Remote learning is especially interesting in the South African context. South Africa is plagued with widespread poverty and low-income households who simply cannot carry the financial and logistical burdens associated with putting a scholar through tertiary education. Remote learning provides relief to these burdens, thereby providing these households with an opportunity to access tertiary education.
From an administration point of view, the structure of this ‘online university’ provides an opportunity for the State to drop costs and widen access to tertiary education. With the online portal systems, the online lectures have no limits in terms of attendance. This means that a single online lecture can reach the eyes and ears of thousands of students at the same administrative burden and cost as hosting a single lecture. The best thing about this model, which differentiates it from other distance learning institutions currently in place, is that large parts of the online tests can be marked electronically. This also circumvents a large administrative responsibility that is often at the core of error and inefficiency in the current institutions similar to this model in place.
A promising initiative by Microsoft:
Microsoft is certainly on the forefront of taking advantage of remote learning. Microsoft has launched an initiative offering free courses on ‘job skills’ that they have assessed to have plentiful job opportunity at the moment. This initiative is expected to help 25 million people worldwide to acquire digital skills needed in a COVID-19 economy.
The courses currently being offered by Microsoft include:
- Project Management
- Digital Marketing
- Data Analyst
- Graphics Design
- Financial Analyst
- Customer Service
- Sales Representative
- Software Development
- I.T Administrator
- I.T Support
You can access these courses with a more detailed elaboration on this initiative here.
With education being as fundamental as it is, initiatives such as these provide a great opportunity to improve access to education for people who are ‘financially burdened’ like the majority of the South African population. This will also, consequently, provide increased chances for these individuals to break the chains of poverty.
Theoretically, this mode of learning could be extended and adapted to accommodate for the specific skills that are in high demand in South Africa. Thereby addressing the problems of the supply and demand imbalances in a job market that is ever-changing while simultaneously dealing with our concerning employment rates.

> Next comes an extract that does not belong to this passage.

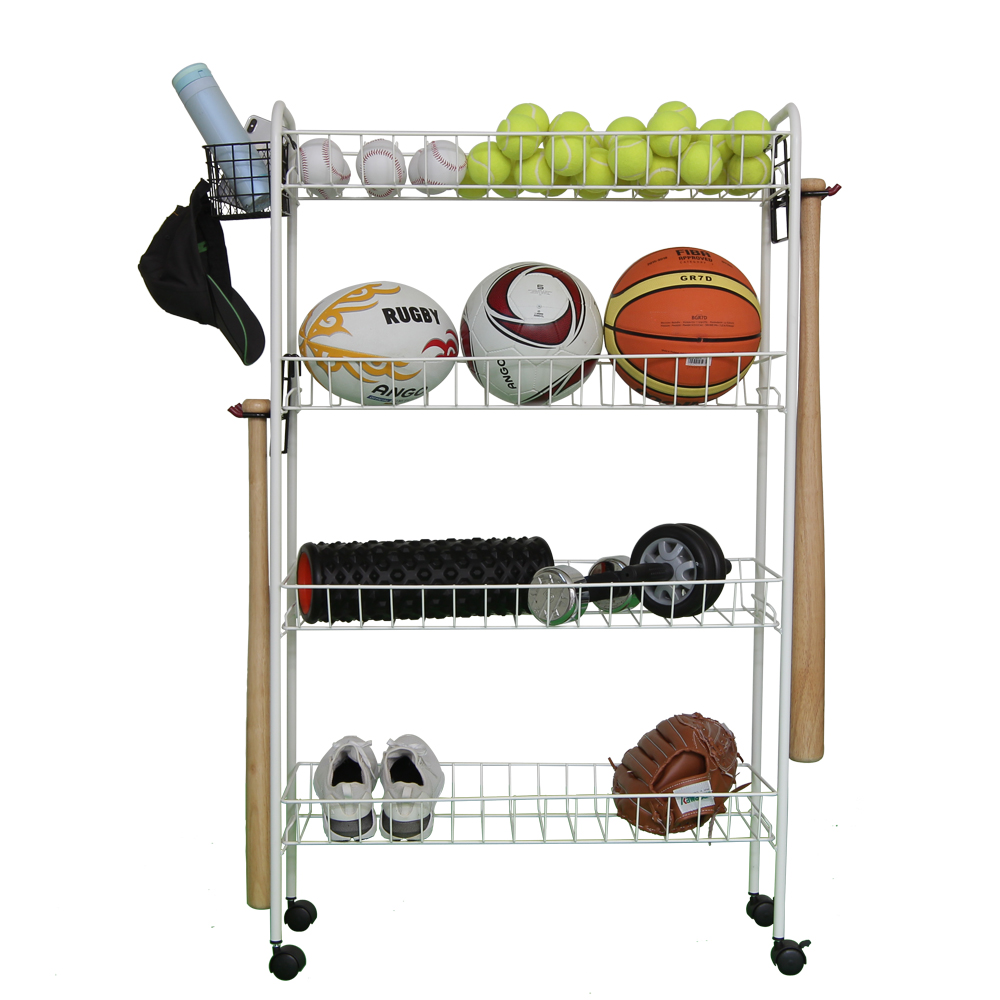 OEM ODM Metal Sports Movable Rack Storage Push Cart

Remote learning and online learning initiatives present a new opportunity. This opportunity, as brought forward by this mode of learning, has the potential to mitigate the current economic and restrictive effects of the COVID-19 pandemic. Additionally, remote learning has provided a promising and innovative solution to South Africa’s problems pertaining to access to education.
Given that we are still in the early stages of discovering and exploring these new modes of learning, it is exciting to think what the future may hold. With the right attention, this mode of learning has the potential to address serious shortfalls that exist in society today.